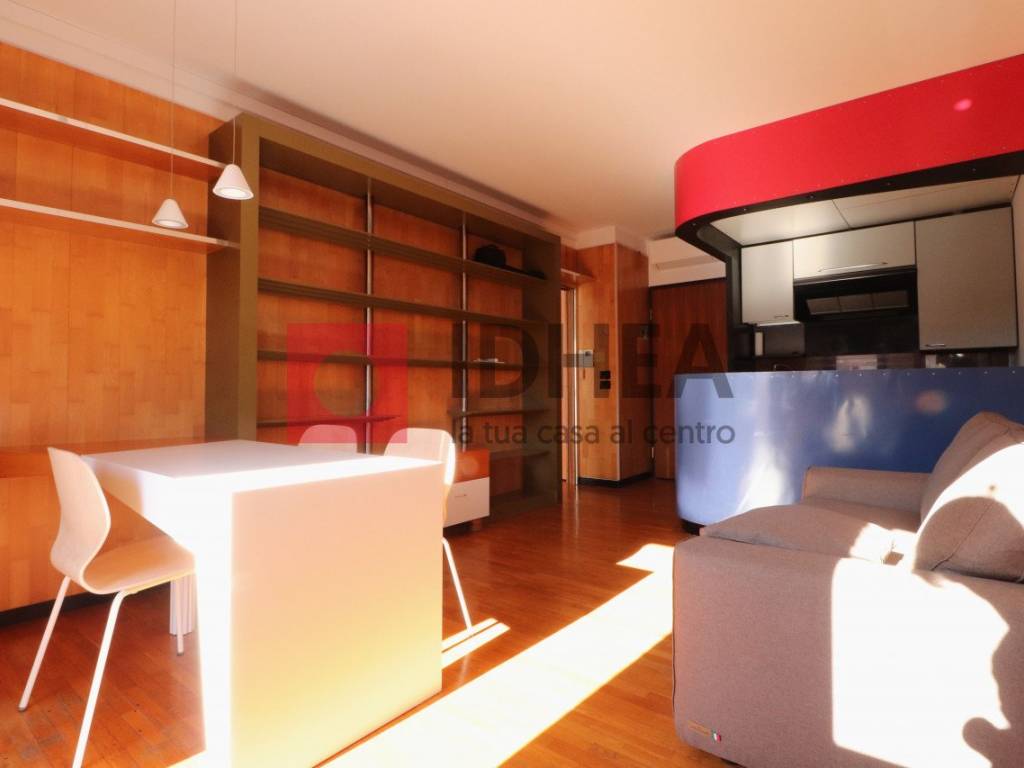 Appartamento a Silea in Silea - Foto 2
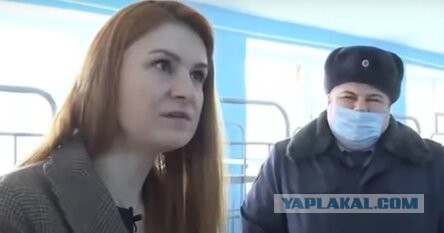 Занять места согласно выданным мандатам
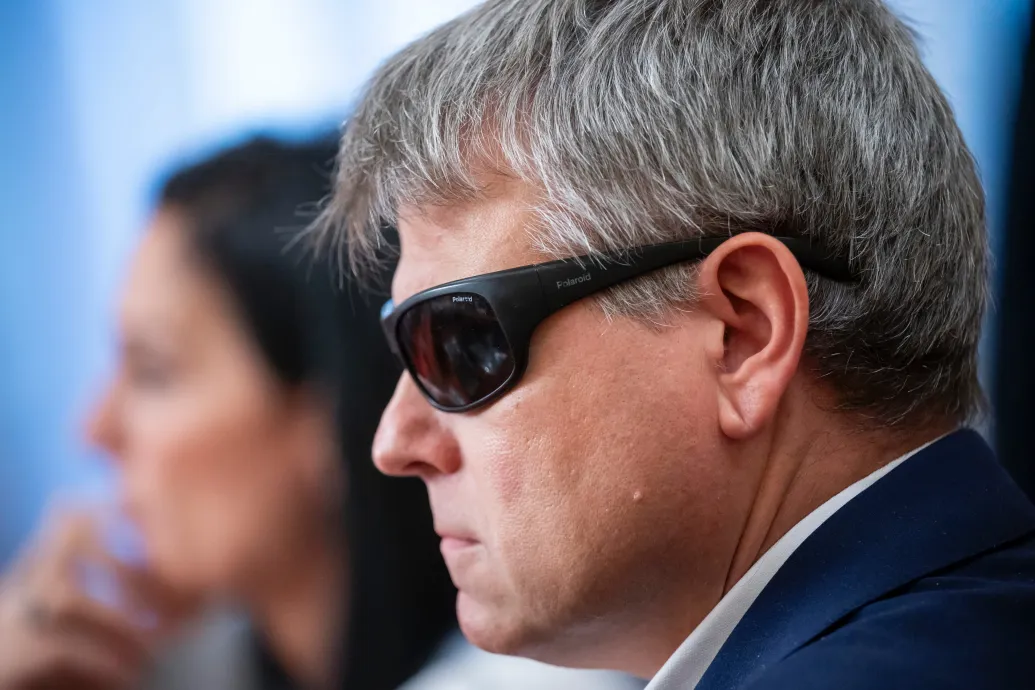 Kátai-Németh a gödi akkugyárról: az ilyen gyárakat ellenőrizni fogjuk, nem kap engedélyt, aki nem tartja be a szabályokat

Task goal: The aim is an exact repeat of the entire listing, stripped of pictures.

Task answer:
 Appartamento a Silea in Silea - Foto 2
 Занять места согласно выданным мандатам
 Kátai-Németh a gödi akkugyárról: az ilyen gyárakat ellenőrizni fogjuk, nem kap engedélyt, aki nem tartja be a szabályokat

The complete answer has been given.